As we set upon our day I was excited to get to explore our surrounding area. If just our little section of the river was this majestic, I knew it could only go up from here. So, while I watched Alter giddily skip away with his fishing gear and the rest of us started our hike upstream, I was determined to capture the beauty of the land. Not just capture it with my camera either, but to really stamp it into my mind and start to understand where I was. The second we got around the first bend in the river on our hike, I was in disbelief. It just kept on going. It was just all so picturesque. We walked along the river for about a mile, but trust me in the heat it felt like three. We stopped at a bank in river, where a mandir that had been erected around 400 years ago. Suman, our faithful Indian leader/guide, told us about how it was dedicated to Shiva.
Shiva is the most widely worshipped god in the Hindu religion. The people of the surrounding community come to the mandir to give their sacrifices, not just animal, and respects to Shiva. This was a stark contrast to our western approach towards religion. It wasn’t some high rising beautiful Catholic Church in Rome, but to me it felt more real. You could see that people actually use it, there wasn’t an effort to make it seem unused, something I feel the extensive cleaning of our religious areas does. As we were sitting at the mandir a group of local boys that was frolicking in the Saryu slowly grew more and more. After we had finished talking about the religious sanctity, we made our way down to the shore. Slowly the addiction to competition seeped in and challenges of swimming races were tossed at the boys. Cooper got smoked. It was amazing how quickly a connection was formed. They brought us across the river to a rock that jutted out over the water. Jumping off that rock was a better rush than any rollercoaster at Kings Dominion can give you.
In under two years this will all be gone. The mandir, the river, the boys’ backyard playground, even one of the most holy Hindu temples that sits at the confluence of the Saryu and Kali rivers. The Indian government has decided to build a dam just beyond the confluence. This dam will put everything I’ve talked about hundreds of feet underwater. Thousands of people will be displaced, whole communities uprooted and forced to change their entire ways of life. All for some hydroelectric power that will most likely be sent far away from the people that need it most, aka the people that entire lives that are being flipped upside down by the dam. It’s not just people that are being affected either. The mahseer, in english – King of the River, a fish native to the Saryu will have it’s only route to it’s breeding grounds cut off. Not to mention the hundred of thousands of trees that will be submerged.
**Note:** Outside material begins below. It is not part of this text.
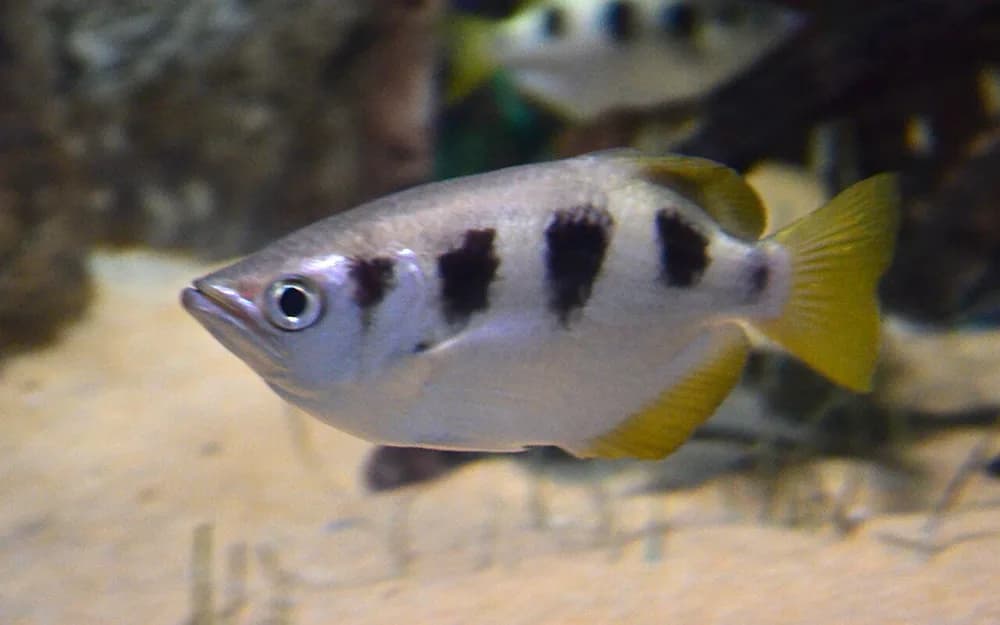 Spotted Archerfish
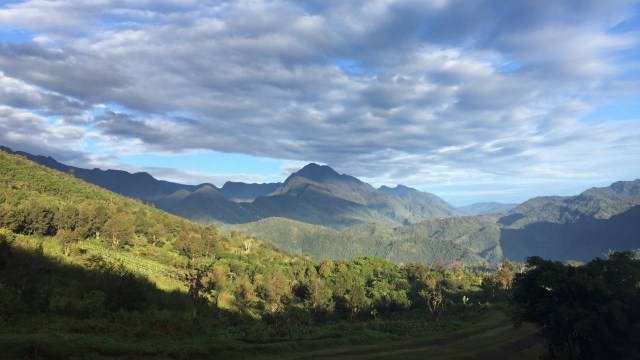 Asa Bertumbuh di Pedalaman Papua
While we’ve been here we’ve spoken a lot about change. Especially the way a country, especially India, makes decisions to move their country forward. So when I see India prioritizing their infrastructure over the people that are the roots of their culture I get very sad. People might think “Oh they do nothing all day, getting pushed into more into a more modern society will be good for them”, but when people look like their doing nothing that is when culture is being cultivated. The relaxing in between harvests, leads to stories being created, religions being formed, and new types of food coming fruition. These are the things that keep India, India. Not the corrupt mess of a dam that’s full power will never be used.